Homebuyers are trickling back into the mortgage market, but not enough to offset the industry's steep and steady drop in refinance business.
Total mortgage application volume was essentially flat last week, falling just 0.8 percent from the previous week. The seasonally adjusted tally from the Mortgage Bankers Association was 11 percent lower than the same week one year ago, on weakness in refinancing.
A small drop in interest rates did nothing to spur refinances. Those applications fell 3 percent and are down nearly 26 percent from the same week a year ago, when mortgage rates were higher. The refinance share of total applications fell to the lowest level since 2008.
Mortgage bankers are feeling the pinch of less refinance business, and some predict they will, in turn, have to get more competitive on the purchase side to make up for the lost business. That could lead to a slight easing in today's tight credit conditions.
Mortgage applications to purchase a home rose 1 percent for the week and are 4 percent higher than a year ago. Purchase applications could be stronger if there were simply more homes for sale. There is strong spring demand this year, but listings are falling in most major markets, resulting in higher prices and weaker affordability.
Homebuyer demand rose sharply in February from a year ago, according to a monthly survey by Redfin, a real estate brokerage. Agents saw a 26 percent jump in the number of home tour requests. Demand, however, did fall slightly from January's record high, likely due to the lack of listings.
"The only factor holding back sales this spring is supply," said Redfin chief economist Nela Richardson. "Limited inventory, particularly for starter homes, has put a crimp in the 2017 market. We expect to see more listings hit the market this spring, but there will still not be enough inventory to match homebuyer demand."
Potential buyers in several surveys have named supply as the primary headwind in the current market. Rising mortgage rates do not seem to be a major factor. Rates turned down slightly last week. The average contract interest rate for 30-year, fixed-rate mortgages with conforming loan balances of $424,100 or less decreased to 4.33 percent from 4.46 percent, with points increasing to 0.43 from 0.41, including the origination fee, for 80 percent loan-to-value ratio loans.

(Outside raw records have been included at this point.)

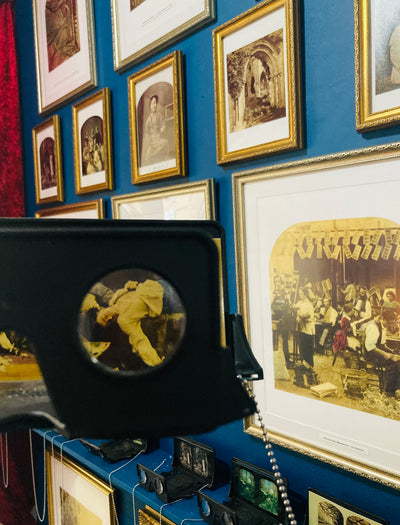 PROUD GALLERIES IN COLLABORATION WITH THE BRIAN MAY ARCHIVE OF STEREOSCOPY AND THE LONDON STEREOSCOPIC COMPANY PRESENT THE VICTORIAN EMPORIUM
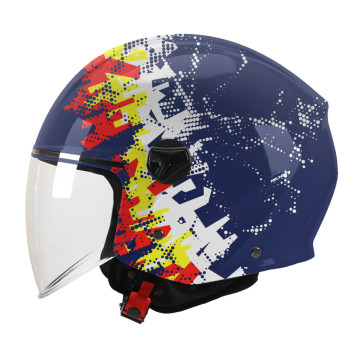 ECE22.06 Certified Half Face Motorcycle Helmets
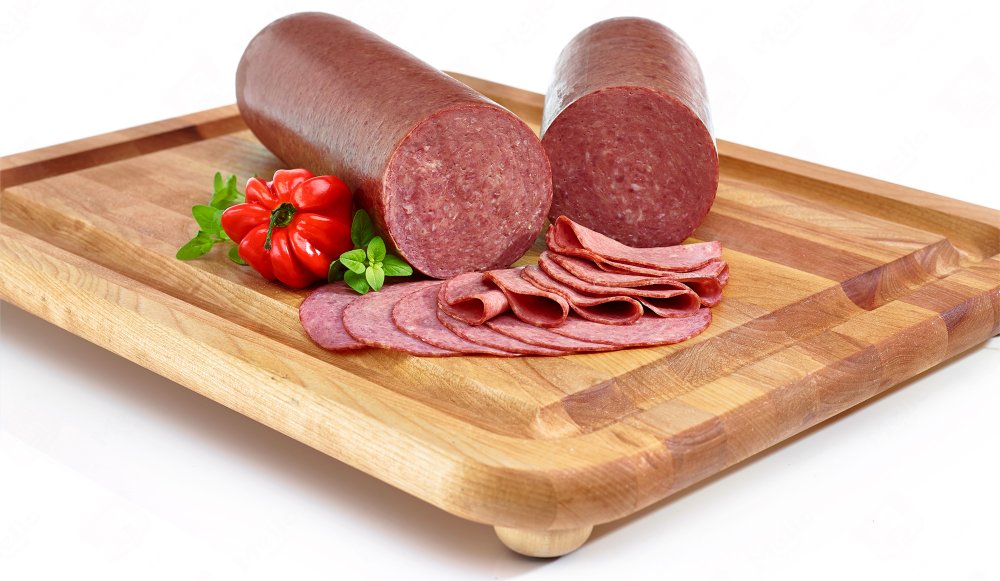 Колбаса на досточке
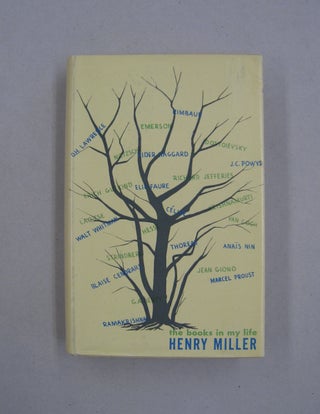 Item #58921 The Books in My Life [SIGNED]. Henry Miller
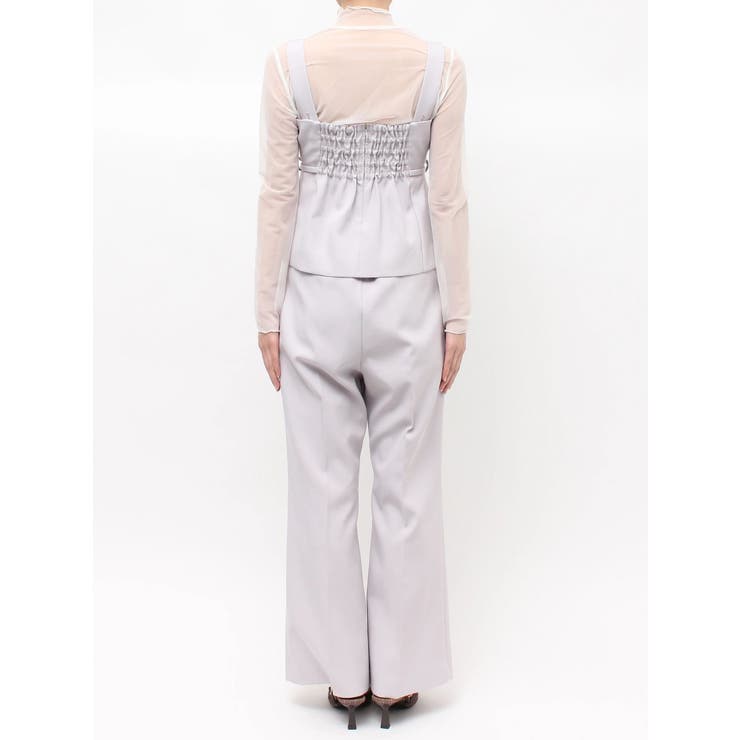 ペプラムビスチェパンツセットアップ | MERCURYDUO | 詳細画像15 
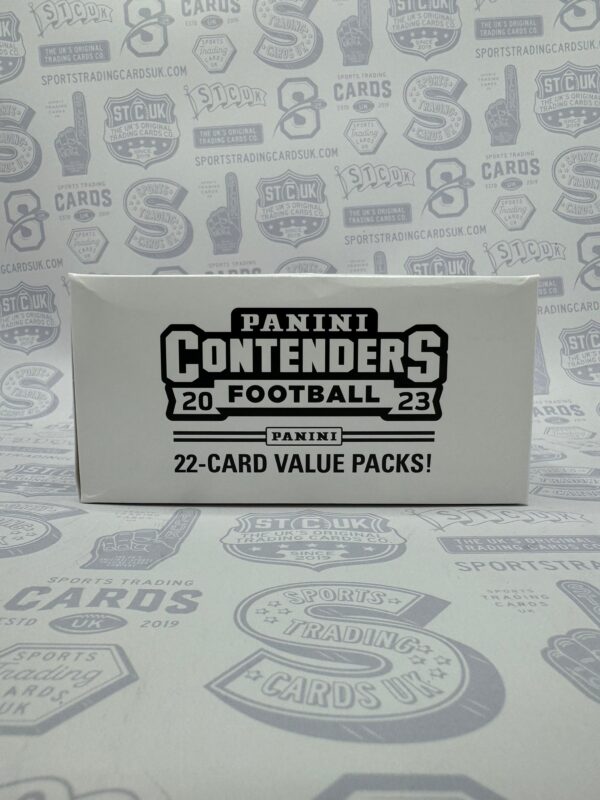 2023 Panini Contenders Football Value 12 Pack Box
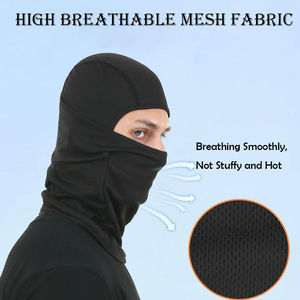 Pasamontañas Unisex Personalizado con Imagen, Tejido de Nailon que Absorbe la Humedad para Protección en Climas Fríos - Product Image 3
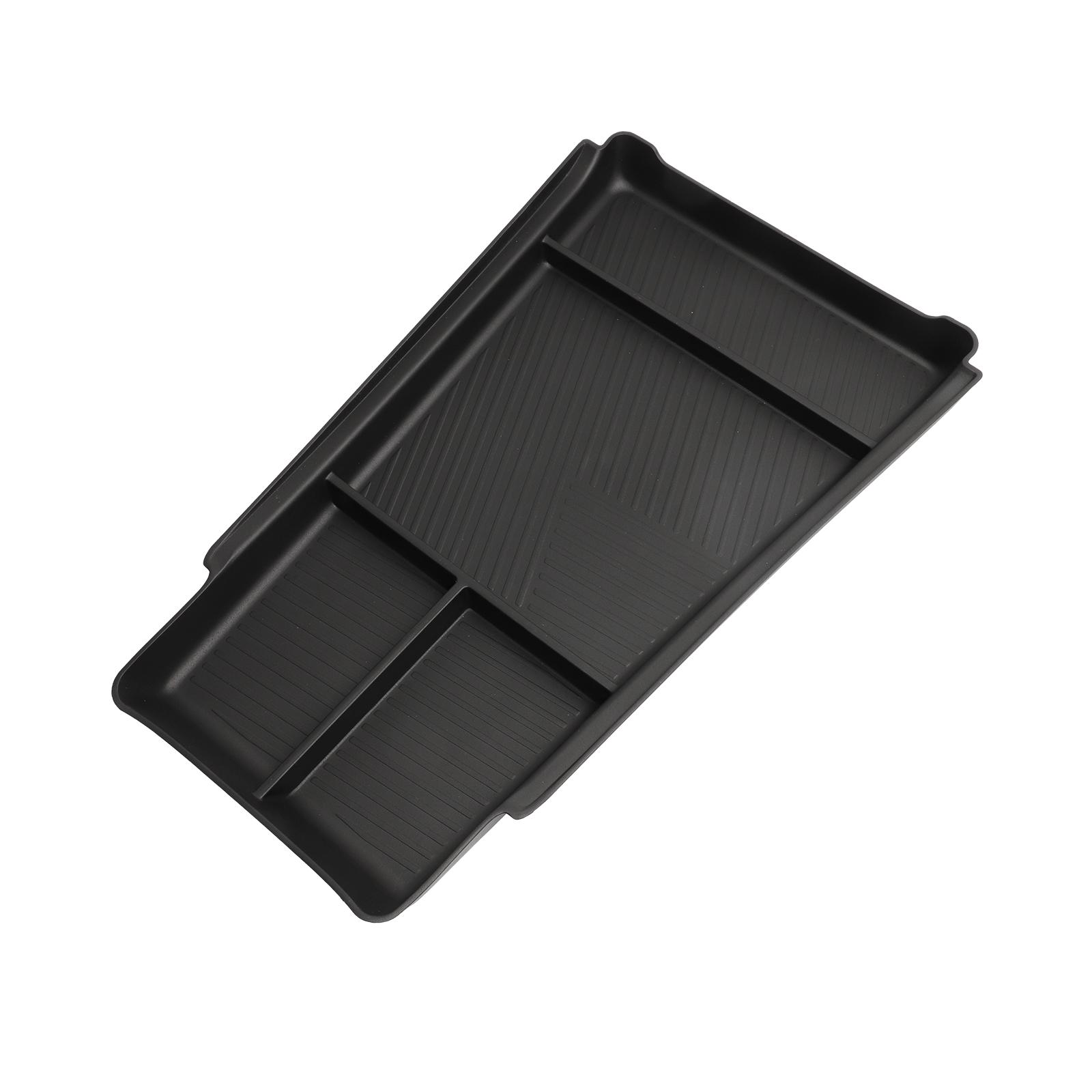 

for Geely Starray EM-i 2026 2026 Central Lower Layer Tray TPE Center Console Storage Box Organizer Car Interior Accessories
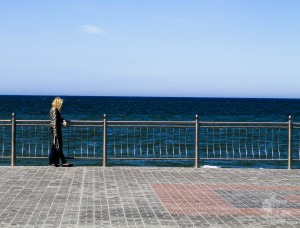 Самый благоустроенный променад на всей косе - в городе Зеленоградске. (Европейская часть России)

"Markets adjusted expectations last week as attempts to repeal and replace the Affordable Care Act stalled and bond yields declined. This pushed mortgage rates down for the first time in three weeks," said Lynn Fisher, vice president of research and economics with the MBA. "As an early gauge of spring buying activity, purchase applications for the last four weeks were all higher than the corresponding week a year ago, up an average of 4.8 percent on a year-over-year basis."